[XML-SIG] Using PyExpat.py

Guido van Rossum guido@digicool.com
Mon, 19 Feb 2001 17:34:16 -0500


> > I'd like to drop support for URLs; I don't think the typical computer
> > is sufficiently networked to make this work well.
> 
> In this case, the typical computer user will have a great deal of trouble 
> using any XML application in any language.  Almost all of them use URIs as 
> basis, and for good reason.  Special support for local files are almost 
> universally a mere convenience.
> 
> Most XML processing specifications mandate that the URI of the XML
> entity that contains an infoset node is used as the basis for
> further processing.  To me, this argues strongly for dropping local
> files rather than URIs if we must choose.  Some XML specs would be
> very difficult to implement properly if the low-level tools became
> file-system-only readers.

Can you give more details of how this is used?  I've got very limited
XML experience, and so far it all falls in the category of "here's a
file; give me a DOM tree for it" or "here's a DOM tree, write it to a
file".  There are no URLs anywhere.  Sometimes instead of a file it'll
be text data read from or written to a database.  But no URLs.

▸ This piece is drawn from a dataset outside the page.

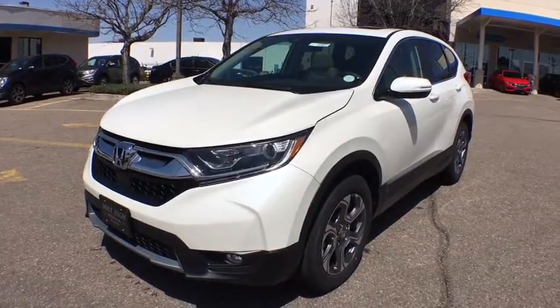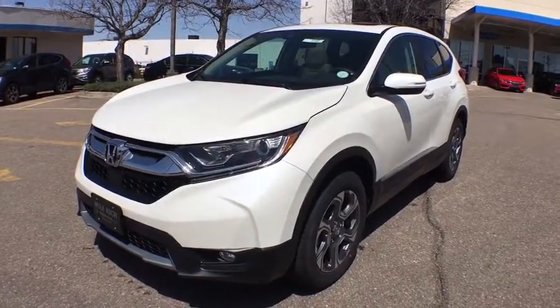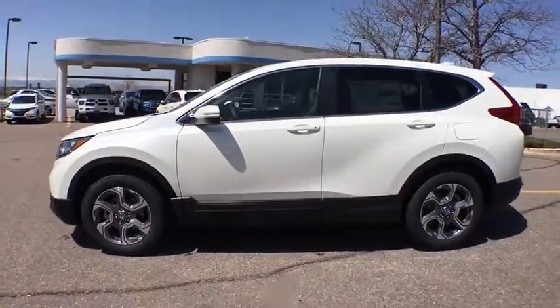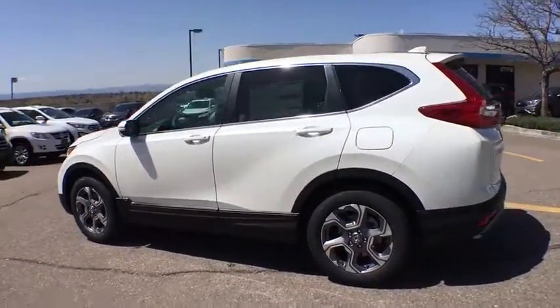The 2018 Honda CR-V. A top recommended vehicle because of its car-like driving manners, good value, cool technology, and comfy interior.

> The Mac people should have spoken to the IETF a decade ago when URLs
> emerged, or a bit later when URIs came out.  I suspect, again that
> if this is the case, they suffer much more pain in XML processing
> than is inflicted on them by PyXML.

That's a pretty intolerant attitude you're displaying there.  They
need not suffer at all if at all times it is clear whether a name is a
URL or a filename.  It's trying to fold the two namespaces into one
that I'm fighting here.

> > I would suggest to have separate APIs depending on the argument type,
> > e.g. p.parseFile(filename), p.parseURL(url),
> > p.parseStream(InputSource), p.parseString(text).  (And no, Java
> > overloading wouldn't help much here, since three out of four APIs have
> > string arguments.)
> 
> Sure, one can add a parseFile, but what do you do with
> 
> <?xml version='1.0'?>
> <!DOCTYPE spam [
>   <!ENTITY foo SYSTEM 'foo.bar'>
> ]>
> <spam>&foo;</spam>
> 
> URI or file?
> 
> Note that this is a trick question, and the "trick" is *exactly* my point.

So explain the trick.  I don't know enough XML to understand what it
means.  I don't even know which thing you are asking about!  spam?
foo?  foo.bar?  &foo;?

--Guido van Rossum (home page: http://www.python.org/~guido/)